Interactive Spark on Azure | Data Exposed

Posted by

This post has been republished via RSS; it originally appeared at: Channel 9.

It is hard to believe that it has been almost 2 years since we last had Maxim on our show, but I can tell you we are extremely excited he's back. Maxim is a Senior Program Manager in the Big Data team at Microsoft and he's back to talk about Interactive Spark on Azure.

Maxim begins our discussion by walking us through the process and challenges data scientists go through when processing data. He explains that data science is an iterative process but that typically their productivity is not efficient because they spend a lot of time waiting for jobs to complete. One of the big factors, Maxim explains, is the size and cleanliness of data which contributes to the long wait times.

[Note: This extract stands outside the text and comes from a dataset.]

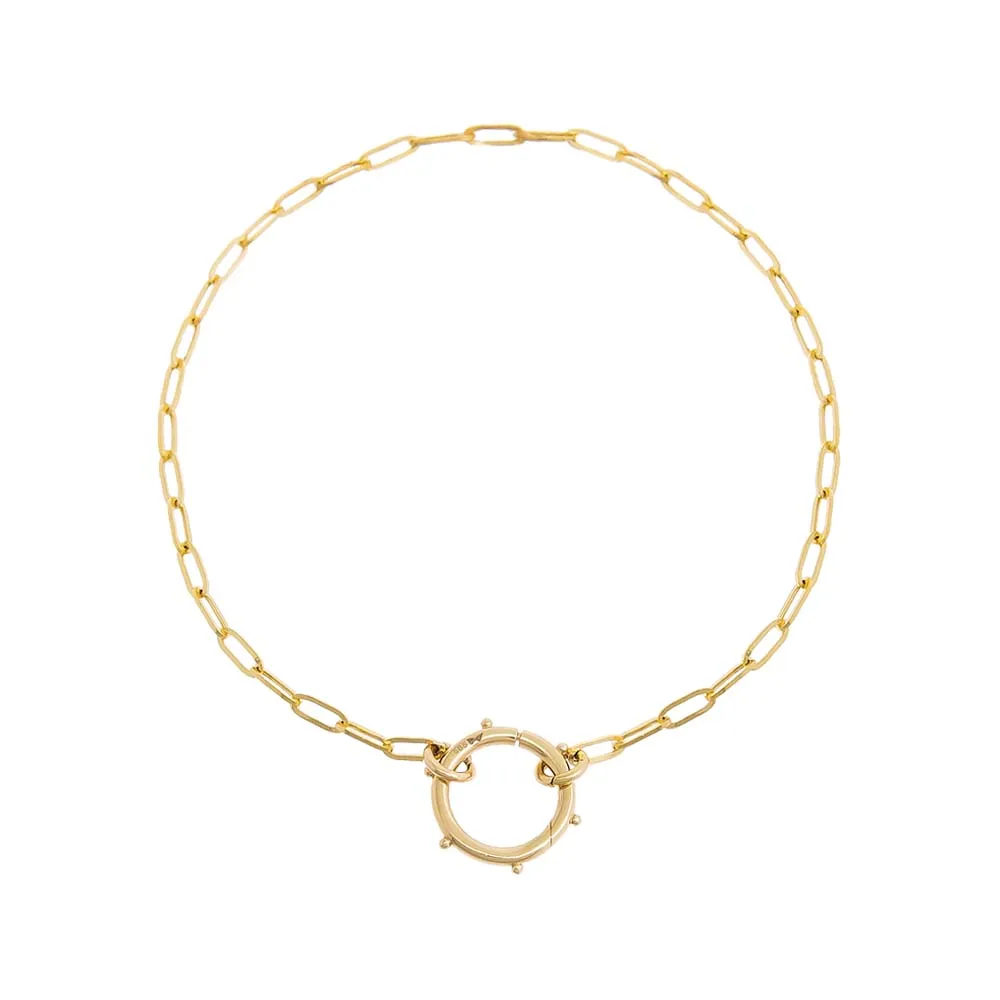 Solid Beaded Frame Toggle Paperclip Link Bracelet 14K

At the [05:20] mark Maxim shows us how Spark on Azure provides a solution to this problem by limiting the length of iterations, thus helping you be more productive. Maxim walks us through how that is accomplished. He first introduces is to Apache Spark, and then discusses how Spark on Azure makes data exploration even better.

 At the [08:38] mark its DEMO TIME, where Maxim spends a few minutes showing us how to spin up a Spark HDInsight cluster, then spends the remaining 10 minutes demoing how to use Spark in HDInsight to execute jobs efficiently. I won't give anything away here, so be sure to watch to see Maxim work his Spark magic! Awesome show!

We definitely look forward to having him back!